We wish you a muggy Christmas and a humid new year

Sometimes you want to go where everybody knows your name.

Sometimes, not so much.

When JP and I go to church, Fly usually gets a free trip to the nursery. He's happy there, so we're happy.

On Christmas Eve, though, there's a service just for families with kids. Here was our chance to all be together. We took a wiggling Fly and found a seat in the back.

Fly wasn't content to sit on either JP's lap or mine, however. He didn't want to stand on our laps. He didn't want to stand on the floor between us.
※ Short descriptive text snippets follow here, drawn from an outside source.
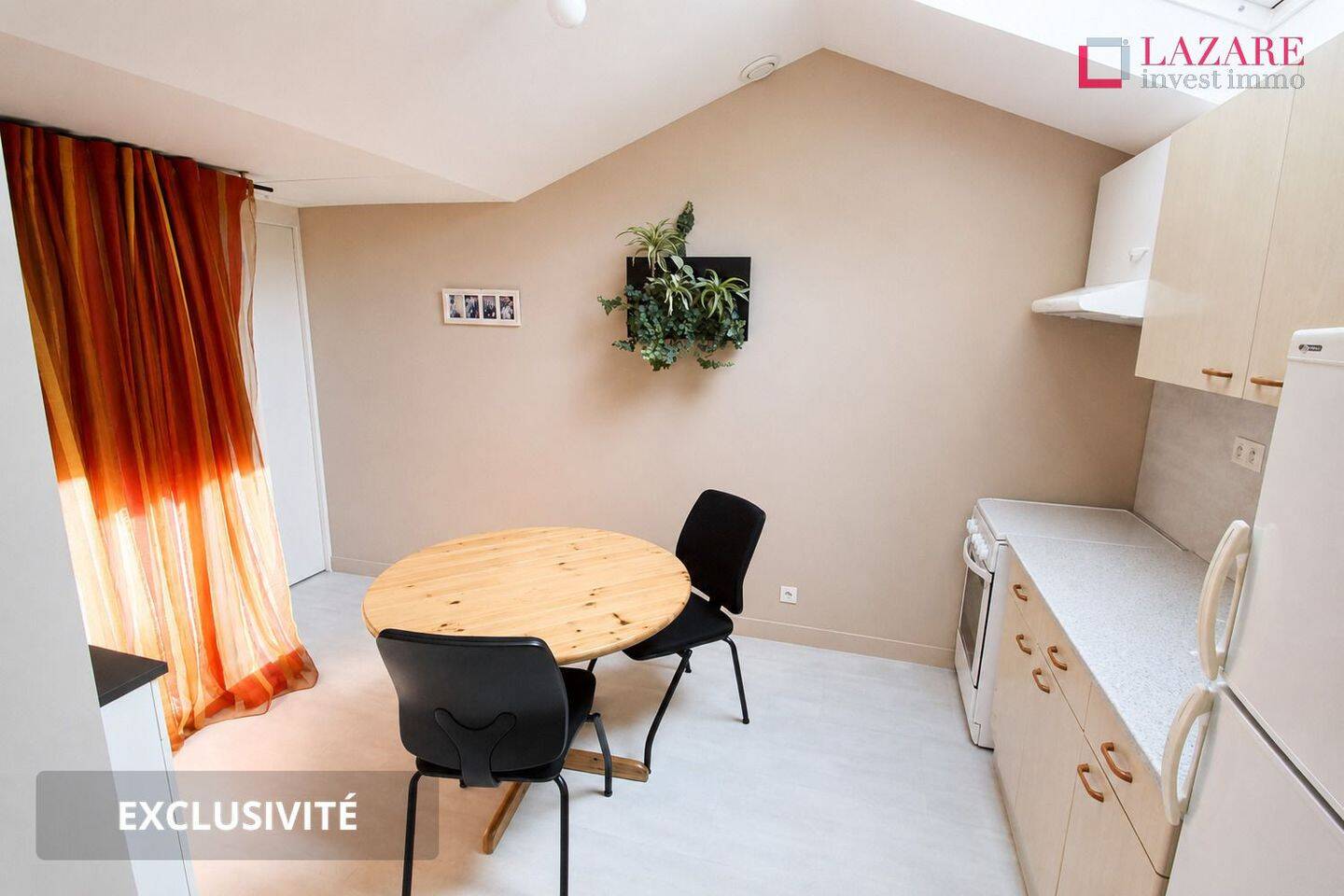 Maison 2 pièces 38 m² · à Nantes · 38 m² · 676 €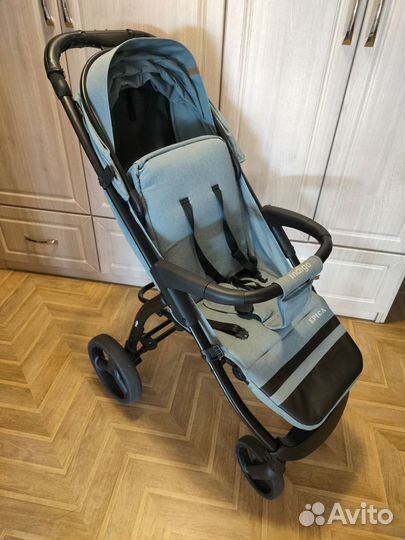Прогулочная коляска Indigo Epica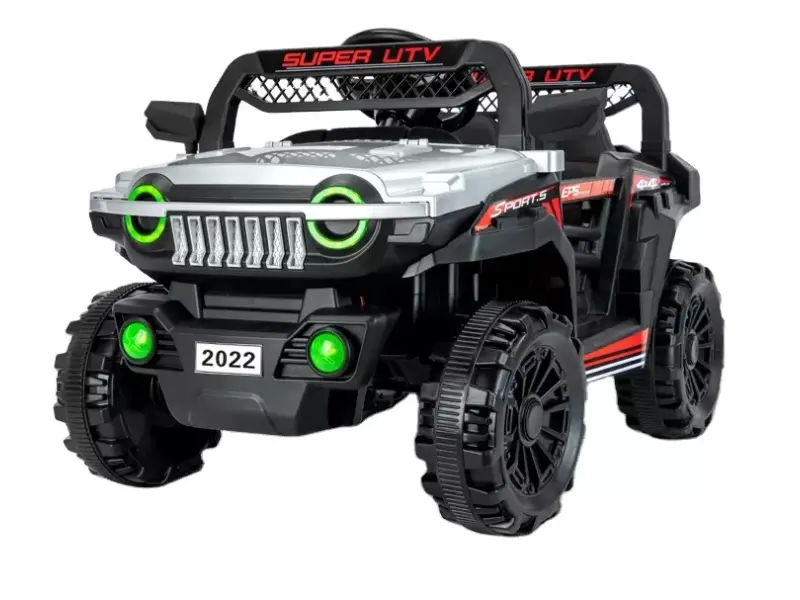 JEEP Y-MB5022 2WD Auto na akumulator sivi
Fly wanted to run around -- preferably straight down the center aisle to the large Christmas tree in the front. JP and I passed a fussing Fly back and forth for several minutes.

The minister was praying, but I couldn't concentrate because of Fly's maneuvers. Finally, she said, "And all God's children said, Amen."

Except the church sounded like this: "And all God's children said, AAIIEEEEEEEEAAAAAAHHHH!" Great timing!

Fly was so loud -- and there was a crowd of at least 300 -- that the minister actually said, "Let's try that again. And all God's children said...."

By which time an usher appeared to ask if we'd like to take Fly to the nursery.

We didn't. JP and I skulked to the farthest reaches of the back of the church -- somewhere near South America -- and stood up for most of the rest of the service, juggling Fly and trying to be invisible.

Which is why God created church nurseries, I suppose.

Fly fussed the rest of the evening, but he was a good sleeper, and Christmas Day was a huge toyfest of gifts from family, which made him happy.

And I am glad to say I think I made him a bit happy too:



(Sorry you had to see my rear view.)

(Oh, and the playhouse didn't get quite finished. But Fly still played in it anyway. Pics when it's done....)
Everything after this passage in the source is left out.